(Short text fragments from websites)

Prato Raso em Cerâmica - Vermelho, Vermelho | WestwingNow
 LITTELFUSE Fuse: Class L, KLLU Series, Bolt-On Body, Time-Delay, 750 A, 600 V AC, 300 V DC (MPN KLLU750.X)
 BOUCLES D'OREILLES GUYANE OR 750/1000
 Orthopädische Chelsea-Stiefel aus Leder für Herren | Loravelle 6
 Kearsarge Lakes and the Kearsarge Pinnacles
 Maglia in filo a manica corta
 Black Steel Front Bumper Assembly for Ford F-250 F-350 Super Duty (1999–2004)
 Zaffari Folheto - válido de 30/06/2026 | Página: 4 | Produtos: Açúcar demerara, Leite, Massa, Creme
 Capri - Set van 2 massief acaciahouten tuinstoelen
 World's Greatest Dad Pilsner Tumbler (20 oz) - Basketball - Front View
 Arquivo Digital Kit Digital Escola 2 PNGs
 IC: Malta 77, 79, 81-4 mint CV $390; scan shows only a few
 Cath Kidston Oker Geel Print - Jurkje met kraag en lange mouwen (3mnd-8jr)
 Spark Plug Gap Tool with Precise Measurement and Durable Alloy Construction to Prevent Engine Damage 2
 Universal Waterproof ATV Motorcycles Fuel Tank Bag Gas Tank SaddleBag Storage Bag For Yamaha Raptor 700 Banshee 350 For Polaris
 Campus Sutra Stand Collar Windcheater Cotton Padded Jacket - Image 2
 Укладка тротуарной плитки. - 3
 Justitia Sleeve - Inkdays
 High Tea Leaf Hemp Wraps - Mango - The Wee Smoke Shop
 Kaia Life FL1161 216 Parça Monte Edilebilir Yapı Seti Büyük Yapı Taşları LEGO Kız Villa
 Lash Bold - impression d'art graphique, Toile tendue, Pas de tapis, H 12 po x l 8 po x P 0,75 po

Instructions for the task: Both the first line of the data above and the line with "IC: Malta 77, 79, 81-4" must be included; please return exactly those lines and the ones between them.

Final answer:
Prato Raso em Cerâmica - Vermelho, Vermelho | WestwingNow
 LITTELFUSE Fuse: Class L, KLLU Series, Bolt-On Body, Time-Delay, 750 A, 600 V AC, 300 V DC (MPN KLLU750.X)
 BOUCLES D'OREILLES GUYANE OR 750/1000
 Orthopädische Chelsea-Stiefel aus Leder für Herren | Loravelle 6
 Kearsarge Lakes and the Kearsarge Pinnacles
 Maglia in filo a manica corta
 Black Steel Front Bumper Assembly for Ford F-250 F-350 Super Duty (1999–2004)
 Zaffari Folheto - válido de 30/06/2026 | Página: 4 | Produtos: Açúcar demerara, Leite, Massa, Creme
 Capri - Set van 2 massief acaciahouten tuinstoelen
 World's Greatest Dad Pilsner Tumbler (20 oz) - Basketball - Front View
 Arquivo Digital Kit Digital Escola 2 PNGs
 IC: Malta 77, 79, 81-4 mint CV $390; scan shows only a few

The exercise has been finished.